With his signature wit and storytelling flair, Godin presents the three steps to building a tribe: the desire to change things, the ability to connect a tribe, and the willingness to lead.
If you think leadership is for other people, think again—leaders come in surprising packages. Consider Joel Spolsky and his international tribe of scary-smart software engineers. Or Gary Vaynerhuck, a wine expert with a devoted following of enthusiasts. Chris Sharma led a tribe of rock climbers up impossible cliff faces, while Mich Mathews, a VP at Microsoft, ran her internal tribe of marketers from her cube in Seattle.
Tribes will make you think—really think—about the opportunities to mobilize an audience that are already at your fingertips. It's not easy, but it's easier than you think.
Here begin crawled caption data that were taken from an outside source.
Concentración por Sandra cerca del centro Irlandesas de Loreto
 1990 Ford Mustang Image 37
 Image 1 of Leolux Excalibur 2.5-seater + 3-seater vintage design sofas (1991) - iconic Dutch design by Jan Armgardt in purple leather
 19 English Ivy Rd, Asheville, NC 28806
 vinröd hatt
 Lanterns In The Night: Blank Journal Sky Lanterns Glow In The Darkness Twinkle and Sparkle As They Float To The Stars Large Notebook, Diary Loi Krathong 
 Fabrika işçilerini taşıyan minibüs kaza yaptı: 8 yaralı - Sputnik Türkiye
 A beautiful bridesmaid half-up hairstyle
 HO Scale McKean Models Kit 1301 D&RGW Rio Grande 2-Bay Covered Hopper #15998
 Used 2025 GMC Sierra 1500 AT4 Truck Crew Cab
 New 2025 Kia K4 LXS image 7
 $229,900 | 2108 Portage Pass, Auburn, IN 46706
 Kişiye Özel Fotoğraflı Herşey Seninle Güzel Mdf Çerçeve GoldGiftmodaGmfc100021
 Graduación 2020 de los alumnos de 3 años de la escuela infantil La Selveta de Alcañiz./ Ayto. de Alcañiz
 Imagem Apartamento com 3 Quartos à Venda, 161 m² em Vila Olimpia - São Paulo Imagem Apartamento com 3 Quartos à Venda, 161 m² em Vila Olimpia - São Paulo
Short on pages but long on repetition, this newest book by Godin (Purple Cow) argues that lasting and substantive change can be best effected by a tribe: a group of people connected to each other, to a leader and to an idea. Smart innovators find or assemble a movement of similarly minded individuals and get the tribe excited by a new product, service or message, often via the Internet (consider, for example, the popularity of the Obama campaign, Facebook or Twitter). Tribes, Godin says, can be within or outside a corporation, and almost everyone can be a leader; most are kept from realizing their potential by fear of criticism and fear of being wrong. The book's helpful nuggets are buried beneath esoteric case studies and multiple reiterations: we can be leaders if we want, "tribes" are the way of the future and change is good. On that last note, the advice found in this book should be used with caution. "Change isn't made by asking permission," Godin says. "Change is made by asking forgiveness, later." That may be true, but in this economy and in certain corporations, it may also be a good way to lose a job.
This is for sure a must read! The books gave great insights on how to start leading a tribe. As someone in a leadership position at work, it really gave me a new perspective on how to approach problem solving and how to ignite change.
Trite and Uninsightful
Unfortunately Mr. Godin's observations are neither very insightful nor very original. It is one part mediocre community college marketing strategy class and one part social/new media obsessed blog cast rambling. Don't mistake my point here, Mr. Godin's observations aren't wrong - they just aren't worth your money or time. Look elsewhere.
Short but massive
Seth Godin makes it very simple... Leadership is one of the greatest deficiencies in our culture today. Choose to destroy the status quo and change the world today. We need leadership and we need it now.